Plus qu’un concept, « la malédiction de la puissance » est proposée comme théorie, comme proposition générale aux fins d’analyse et d’explication des relations internationales. En tant que telle, « la malédiction de la puissance » se manifeste à travers quatre voies majeures : 1) « la malédiction de la puissance » implique l’adaptation au système complexe que constituent les relations internationales, système caractérisé par la multiplicité des interconnections entre acteurs et structures, par les réactions manifestes ou latentes à toute stratégie d’optimisation de la puissance de la part d’un État ou de plusieurs États ; 2) « la malédiction de la puissance » se traduit par l’expansion excessive qui, en même temps qu’elle marque la présence globale d’un État, ne constitue pas moins un indicateur de sa dépendance à l’égard de ces territoires et une source de la globalisation de l’hostilité à son égard ; 3) « la malédiction de la puissance » s’illustre par le « risque moral », c’est-à-dire le comportement d’assurance et de désinvolture des États lié à leur possession des ressources significatives de la puissance et à la sous-estimation subséquente de la nécessité de développer des sources alternatives de puissance ou de rechercher les facteurs de vulnérabilité ; 4) « la malédiction de la puissance » conduit au « cycle vicieux de l’unilatéralisme », tant s’est consolidée la croyance en l’autosuffisance.
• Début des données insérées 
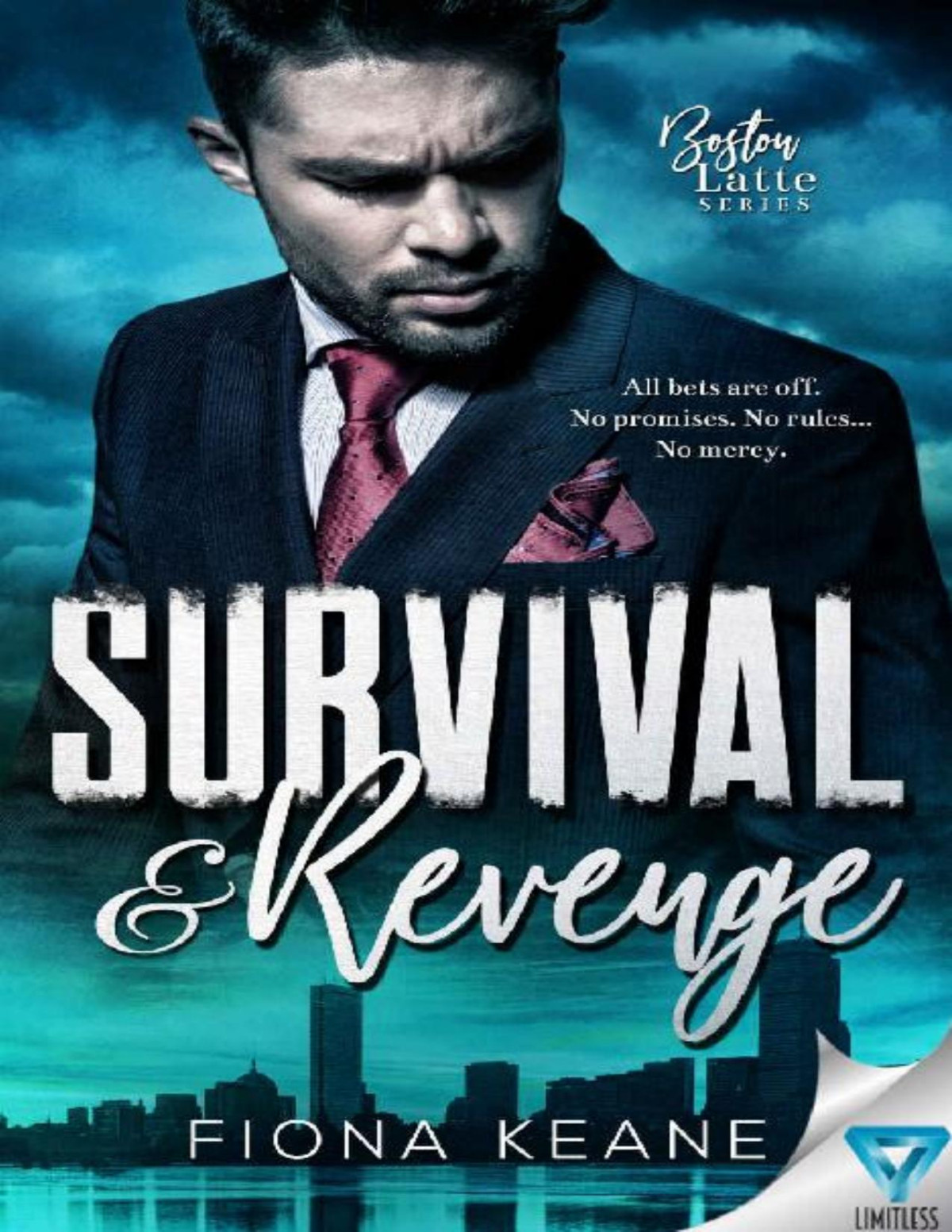 Survival Revenge Boston Latte Book 3 Fiona Keane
Ainsi présentée, la théorie de la « malédiction de la puissance » intègre les sources de soft power et de hard power ; en d’autres termes, elle est présente dans tous les types de manifestations de la puissance, suivant qu’il s’agit d’une manifestation « douce » ou immatérielle fondée sur la culture, par exemple, ou d’une manifestation « dure » impliquant l’usage de la force armée. Cette théorie est mobilisée tout au long de l’ouvrage pour expliquer aussi bien la guerre du Péloponnèse que la « doctrine de Bush » en passant par la crise du système financier britannique au 19e siècle et la guerre du Vietnam.
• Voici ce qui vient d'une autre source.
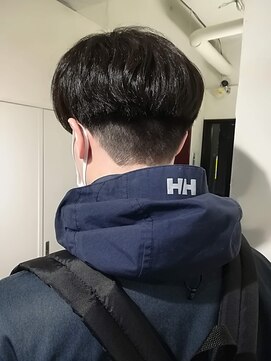 ダッチェス(DUCHESS) 2ブロックショート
En conclusion, cet ouvrage constitue une remarquable contribution scientifique à l’étude de la puissance sur les plans théorique et empirique. En associant le réalisme au néolibéralisme et au constructivisme, il propose une théorie intégrée des relations internationales, à savoir la cosmopolitik.
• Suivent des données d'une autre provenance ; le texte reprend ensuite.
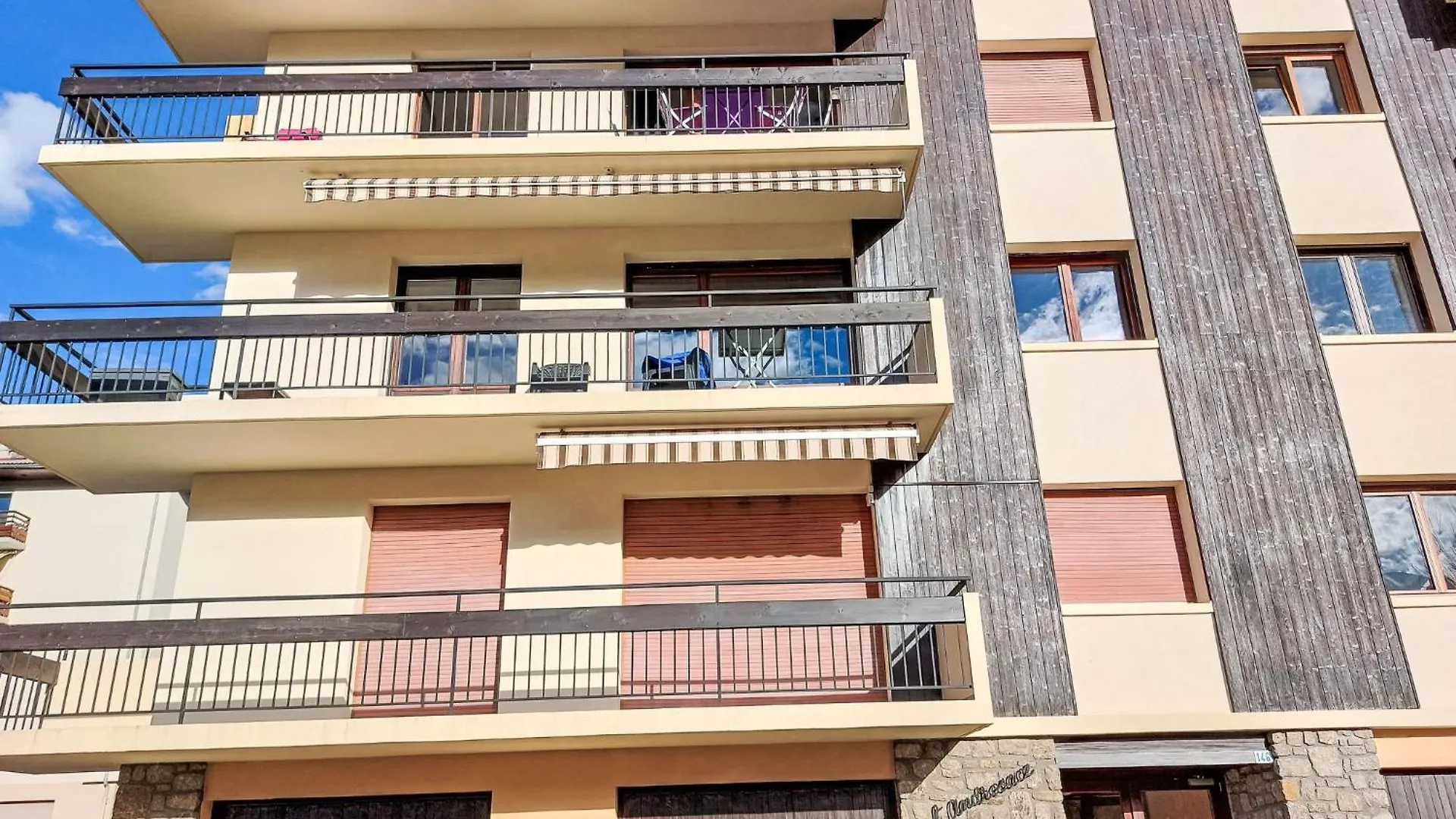 סן-ג'רבה-לה-באן Apartment La Cote Du Parc-2 By Interhome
Si l’originalité de l’approche est incontestable, on peut légitimement se demander si la notion d’effet pervers ou encore de fonctions latentes utilisée en sociologie pour rendre compte des conséquences non désirées, non voulues d’un acte ne suffirait pas pour rendre compte de l’affaiblissement comme résultante de la recherche de la puissance. L’innovation conceptuelle amène souvent à oublier les concepts classiques dont la fécondité heuristique est constante. Bien plus, il aurait été convenable que Gallarotti reconnaisse davantage sa dette intellectuelle à l’égard de ceux qui ont éprouvé la notion de « malédiction du pétrole » dont il s’est abondamment inspiré. Pour ce qui est de la proposition d’une théorie intégrée des relations internationales, dans sa volonté d’unification des théories, elle est contestable tant elle est porteuse d’éclectisme et d’incohérence analytique. Certes, on peut transcender les clivages entre théories à partir d’une problématique permettant de mobiliser diverses théories de manière complémentaire ; mais complémentarité n’est pas synonyme d’unicité.